Oh high school. High school was a whirlwind of assignments, going to work, and making time for friends and family. University on the other hand, has been a hurricane of even more assignments, library days, late nights, and “group studying”. The writing has demanded more from me as a creative thinker and as a student. I have to actually put a little piece of me into my writing, and make what I say a personal testimony, rather than a regurgitation of memorized facts. I’m seeing response essays less and less, and reflective writing pieces and journals and other sorts of personalized writing much more often. It’s nice to actually write things that I can add my own focus and ideas to. I’ve found that my voice is becoming a tool I can use for rhetoric, rather than something I have to stifle for formality’s sake.

This has been my writing experience so far. From personal journals, to critical responses, to blog posts, to response questions and debate papers. There’s a lot more opportunity for adding a personal touch to what I say. Actually, the only response essays I’ve had to write have been in sociology, and they’re still essays that focus on people and the way we interact with one another. It’s a refreshing change from the less reflective work we did in high school. We were given assignments where we had to write about our lives, but they were often for participation marks. Until this year, I hadn’t had much experience with learning how to write about my opinions and experiences while keeping a well thought out and intelligent sounding thought process.

Now, while this change has been fantastic, I’m not saying that university writing hasn’t had its fair share of challenges. Going from grade 12 english, where I had to write one in-exam essay, to a place where two essays can be thrown in an hour long midterm, was quite the change. Being able to say everything I need to say in that time limit is almost impossible, especially since I write slower than (or at the same rate as) a sleep deprived student. I’m capable of decent writing, but time and pressure make everything I say less eloquent.
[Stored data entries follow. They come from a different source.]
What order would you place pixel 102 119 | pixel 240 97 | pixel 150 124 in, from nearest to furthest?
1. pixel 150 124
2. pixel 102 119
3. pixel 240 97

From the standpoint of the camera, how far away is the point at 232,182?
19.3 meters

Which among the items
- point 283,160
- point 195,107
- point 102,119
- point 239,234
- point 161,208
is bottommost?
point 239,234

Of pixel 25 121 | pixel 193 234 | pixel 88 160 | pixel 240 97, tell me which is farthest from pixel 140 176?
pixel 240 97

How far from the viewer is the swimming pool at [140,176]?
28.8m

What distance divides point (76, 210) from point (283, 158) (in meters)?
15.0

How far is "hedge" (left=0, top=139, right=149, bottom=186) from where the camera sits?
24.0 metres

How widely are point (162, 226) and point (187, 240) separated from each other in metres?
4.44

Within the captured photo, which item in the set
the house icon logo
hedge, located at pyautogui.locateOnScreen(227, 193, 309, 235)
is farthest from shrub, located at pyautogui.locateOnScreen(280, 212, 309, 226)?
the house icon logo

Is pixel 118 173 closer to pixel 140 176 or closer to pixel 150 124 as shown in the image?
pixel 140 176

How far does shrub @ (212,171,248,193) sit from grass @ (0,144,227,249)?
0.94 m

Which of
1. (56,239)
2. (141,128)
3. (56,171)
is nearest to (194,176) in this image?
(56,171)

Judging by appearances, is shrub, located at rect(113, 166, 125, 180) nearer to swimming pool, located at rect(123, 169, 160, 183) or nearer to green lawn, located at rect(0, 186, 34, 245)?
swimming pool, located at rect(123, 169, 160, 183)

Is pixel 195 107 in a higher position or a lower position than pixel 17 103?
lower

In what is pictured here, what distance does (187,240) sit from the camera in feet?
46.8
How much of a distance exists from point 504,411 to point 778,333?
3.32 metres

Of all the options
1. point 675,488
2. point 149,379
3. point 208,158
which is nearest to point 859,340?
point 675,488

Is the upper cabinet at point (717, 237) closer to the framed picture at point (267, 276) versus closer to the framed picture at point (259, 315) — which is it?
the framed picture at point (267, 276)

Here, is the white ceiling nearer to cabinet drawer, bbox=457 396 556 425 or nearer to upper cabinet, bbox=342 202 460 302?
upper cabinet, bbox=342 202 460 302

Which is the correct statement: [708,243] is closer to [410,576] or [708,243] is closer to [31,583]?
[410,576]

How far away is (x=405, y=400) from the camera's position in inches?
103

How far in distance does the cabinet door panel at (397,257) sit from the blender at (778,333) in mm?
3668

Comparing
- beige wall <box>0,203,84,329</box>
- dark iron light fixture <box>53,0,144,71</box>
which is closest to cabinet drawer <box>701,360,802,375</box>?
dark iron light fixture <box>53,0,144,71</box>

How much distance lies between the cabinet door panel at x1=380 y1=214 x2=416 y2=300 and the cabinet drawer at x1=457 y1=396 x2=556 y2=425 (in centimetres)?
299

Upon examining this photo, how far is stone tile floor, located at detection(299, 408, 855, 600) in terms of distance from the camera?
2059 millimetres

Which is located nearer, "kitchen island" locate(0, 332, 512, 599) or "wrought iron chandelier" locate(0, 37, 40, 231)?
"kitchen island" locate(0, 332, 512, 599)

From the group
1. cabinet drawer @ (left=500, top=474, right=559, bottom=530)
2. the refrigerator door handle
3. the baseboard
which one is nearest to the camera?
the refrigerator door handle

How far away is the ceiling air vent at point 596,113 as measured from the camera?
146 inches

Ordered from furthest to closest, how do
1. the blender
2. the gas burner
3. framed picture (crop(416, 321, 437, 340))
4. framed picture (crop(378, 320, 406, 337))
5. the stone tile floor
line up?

I specialize in writing assignments where I can take as long as I want to to over-analyze, and over-interpret every little detail.
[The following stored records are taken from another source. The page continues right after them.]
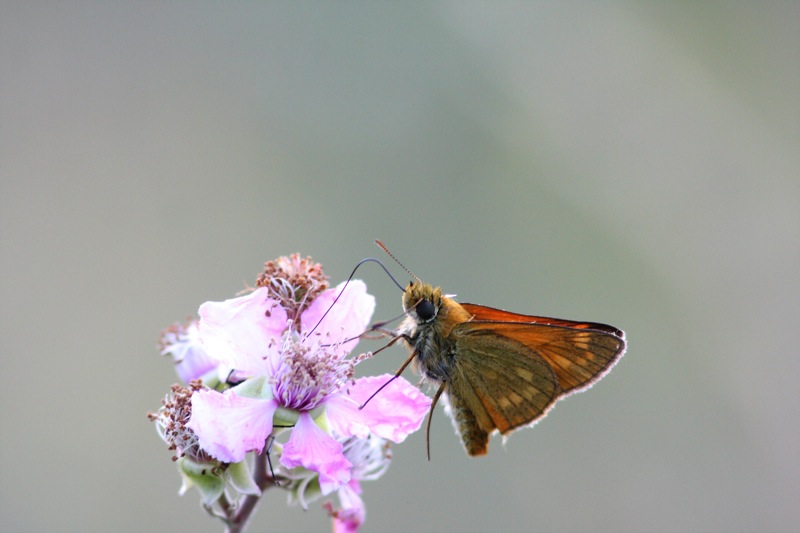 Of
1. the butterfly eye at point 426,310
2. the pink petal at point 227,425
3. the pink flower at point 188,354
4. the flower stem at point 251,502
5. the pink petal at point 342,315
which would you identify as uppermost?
the pink flower at point 188,354

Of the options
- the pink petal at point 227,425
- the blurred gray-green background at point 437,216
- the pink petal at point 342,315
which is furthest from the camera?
the blurred gray-green background at point 437,216

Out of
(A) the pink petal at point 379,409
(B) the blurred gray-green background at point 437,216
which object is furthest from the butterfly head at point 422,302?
(B) the blurred gray-green background at point 437,216

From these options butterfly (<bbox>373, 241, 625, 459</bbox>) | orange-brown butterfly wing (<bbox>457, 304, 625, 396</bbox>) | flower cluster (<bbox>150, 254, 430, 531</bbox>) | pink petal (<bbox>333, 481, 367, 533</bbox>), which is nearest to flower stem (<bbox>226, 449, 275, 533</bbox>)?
flower cluster (<bbox>150, 254, 430, 531</bbox>)

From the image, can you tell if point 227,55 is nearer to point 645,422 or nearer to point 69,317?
point 69,317

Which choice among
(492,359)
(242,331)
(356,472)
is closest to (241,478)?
(242,331)

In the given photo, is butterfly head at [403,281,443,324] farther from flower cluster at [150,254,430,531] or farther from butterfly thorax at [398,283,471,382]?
flower cluster at [150,254,430,531]

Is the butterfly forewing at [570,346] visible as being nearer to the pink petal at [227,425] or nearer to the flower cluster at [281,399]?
the flower cluster at [281,399]

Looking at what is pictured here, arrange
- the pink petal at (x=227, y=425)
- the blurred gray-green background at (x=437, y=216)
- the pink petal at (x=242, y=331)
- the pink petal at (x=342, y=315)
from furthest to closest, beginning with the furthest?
the blurred gray-green background at (x=437, y=216), the pink petal at (x=342, y=315), the pink petal at (x=242, y=331), the pink petal at (x=227, y=425) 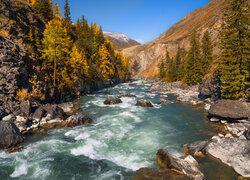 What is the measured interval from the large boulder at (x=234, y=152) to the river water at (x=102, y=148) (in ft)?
8.01

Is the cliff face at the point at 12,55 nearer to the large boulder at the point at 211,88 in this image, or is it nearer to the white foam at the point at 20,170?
the white foam at the point at 20,170

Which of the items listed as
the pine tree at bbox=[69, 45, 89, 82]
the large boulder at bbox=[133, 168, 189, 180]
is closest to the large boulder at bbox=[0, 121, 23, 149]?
the large boulder at bbox=[133, 168, 189, 180]

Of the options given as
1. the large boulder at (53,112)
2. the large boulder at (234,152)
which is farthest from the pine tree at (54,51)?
the large boulder at (234,152)

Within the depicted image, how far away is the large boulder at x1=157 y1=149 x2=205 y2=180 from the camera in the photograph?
7566 millimetres

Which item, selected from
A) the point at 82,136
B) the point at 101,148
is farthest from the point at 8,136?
the point at 101,148

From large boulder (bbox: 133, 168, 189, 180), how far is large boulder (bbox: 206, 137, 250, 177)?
3.76 m

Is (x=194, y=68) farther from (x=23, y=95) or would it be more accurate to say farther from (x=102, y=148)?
(x=23, y=95)

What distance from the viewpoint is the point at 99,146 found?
11906mm

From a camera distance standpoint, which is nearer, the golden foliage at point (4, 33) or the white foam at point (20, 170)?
the white foam at point (20, 170)

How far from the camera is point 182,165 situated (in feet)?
26.2

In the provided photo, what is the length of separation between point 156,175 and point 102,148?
549cm

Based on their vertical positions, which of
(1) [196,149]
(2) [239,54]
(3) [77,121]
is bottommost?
(1) [196,149]

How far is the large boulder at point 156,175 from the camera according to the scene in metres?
7.19

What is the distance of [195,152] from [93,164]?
7386 millimetres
This kind of slow, tedious, writing style will be perfect for the formal argument essay. I find that being able to construct an argument piece by piece is much easier than splaying a mess of words all over the paper for the sake of meeting a word count or time limit. I’ve always preferred letting what I write sit around for a while, so I can come back to it after it’s all set in and worked out its differences. When you step away from your writing, you come back with a new perspective, which can help you pick apart the “genius” lines from the “yikes! I actually thought that sounded intelligent” lines. That’s my favorite part of the writing process. It’s putting your nose to the grindstone and just writing and rewriting until you’ve made something worth  a read.
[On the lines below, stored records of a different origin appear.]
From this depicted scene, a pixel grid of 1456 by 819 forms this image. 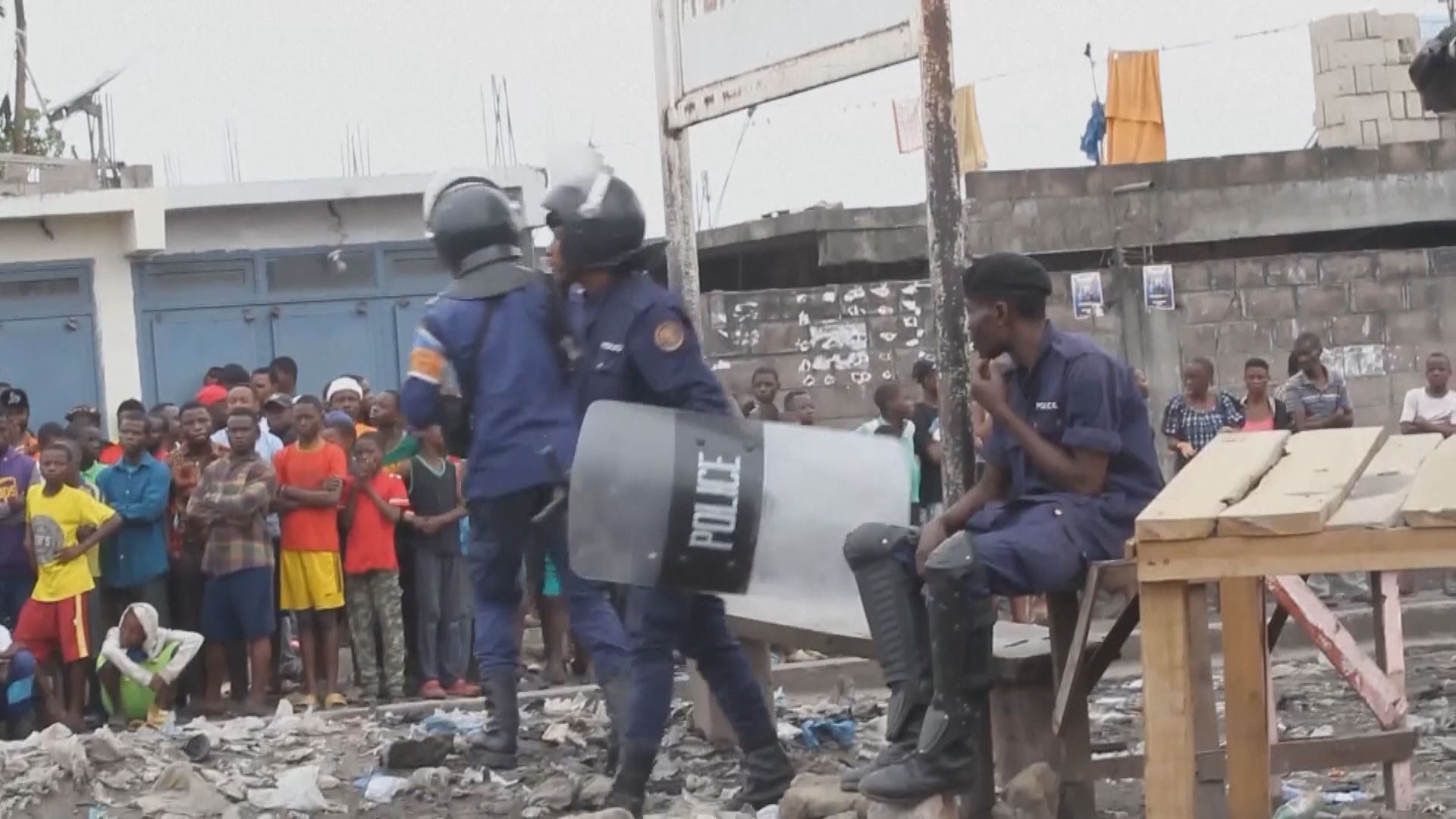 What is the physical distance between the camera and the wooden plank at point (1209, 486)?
4.40 m

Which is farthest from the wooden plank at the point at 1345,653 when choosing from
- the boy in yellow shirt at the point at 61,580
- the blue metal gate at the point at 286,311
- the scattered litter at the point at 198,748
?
the blue metal gate at the point at 286,311

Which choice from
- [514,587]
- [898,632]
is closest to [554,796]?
[514,587]

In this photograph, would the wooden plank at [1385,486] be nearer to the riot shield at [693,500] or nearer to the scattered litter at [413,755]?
the riot shield at [693,500]

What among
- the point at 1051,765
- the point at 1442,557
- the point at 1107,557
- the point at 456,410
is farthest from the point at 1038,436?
the point at 456,410

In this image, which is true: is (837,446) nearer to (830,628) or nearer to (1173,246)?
(830,628)

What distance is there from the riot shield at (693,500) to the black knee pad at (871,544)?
17.7 inches

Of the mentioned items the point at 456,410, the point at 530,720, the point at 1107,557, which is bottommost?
the point at 530,720

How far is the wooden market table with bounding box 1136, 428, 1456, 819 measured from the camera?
4.30 metres

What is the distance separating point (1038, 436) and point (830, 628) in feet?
4.86

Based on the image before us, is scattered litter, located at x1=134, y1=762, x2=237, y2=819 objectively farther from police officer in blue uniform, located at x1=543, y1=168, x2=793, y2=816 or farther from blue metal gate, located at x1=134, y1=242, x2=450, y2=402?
blue metal gate, located at x1=134, y1=242, x2=450, y2=402

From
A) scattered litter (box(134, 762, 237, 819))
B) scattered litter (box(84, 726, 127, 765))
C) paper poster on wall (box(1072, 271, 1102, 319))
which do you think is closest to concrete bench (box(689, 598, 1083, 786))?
scattered litter (box(134, 762, 237, 819))

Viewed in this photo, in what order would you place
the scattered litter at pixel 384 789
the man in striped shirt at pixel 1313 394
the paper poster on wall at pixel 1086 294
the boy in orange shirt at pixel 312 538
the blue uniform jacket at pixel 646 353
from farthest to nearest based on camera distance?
the paper poster on wall at pixel 1086 294
the man in striped shirt at pixel 1313 394
the boy in orange shirt at pixel 312 538
the scattered litter at pixel 384 789
the blue uniform jacket at pixel 646 353

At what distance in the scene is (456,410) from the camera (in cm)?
696

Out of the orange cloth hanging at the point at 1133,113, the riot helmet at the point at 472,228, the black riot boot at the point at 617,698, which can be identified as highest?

So, although there have been many adjustments, and these past two months have been a total rollercoaster, I’d say my academic writing experience has been pretty good so far. I may even be enjoying writing, much to my own surprise! Nothing’s coming easy, and I’m still wrestling with time management, but we’re getting there. If I just focus on what’s ahead, I’ll be fine. After all -I’m here to learn- and that doesn’t come without a few bumps along the road.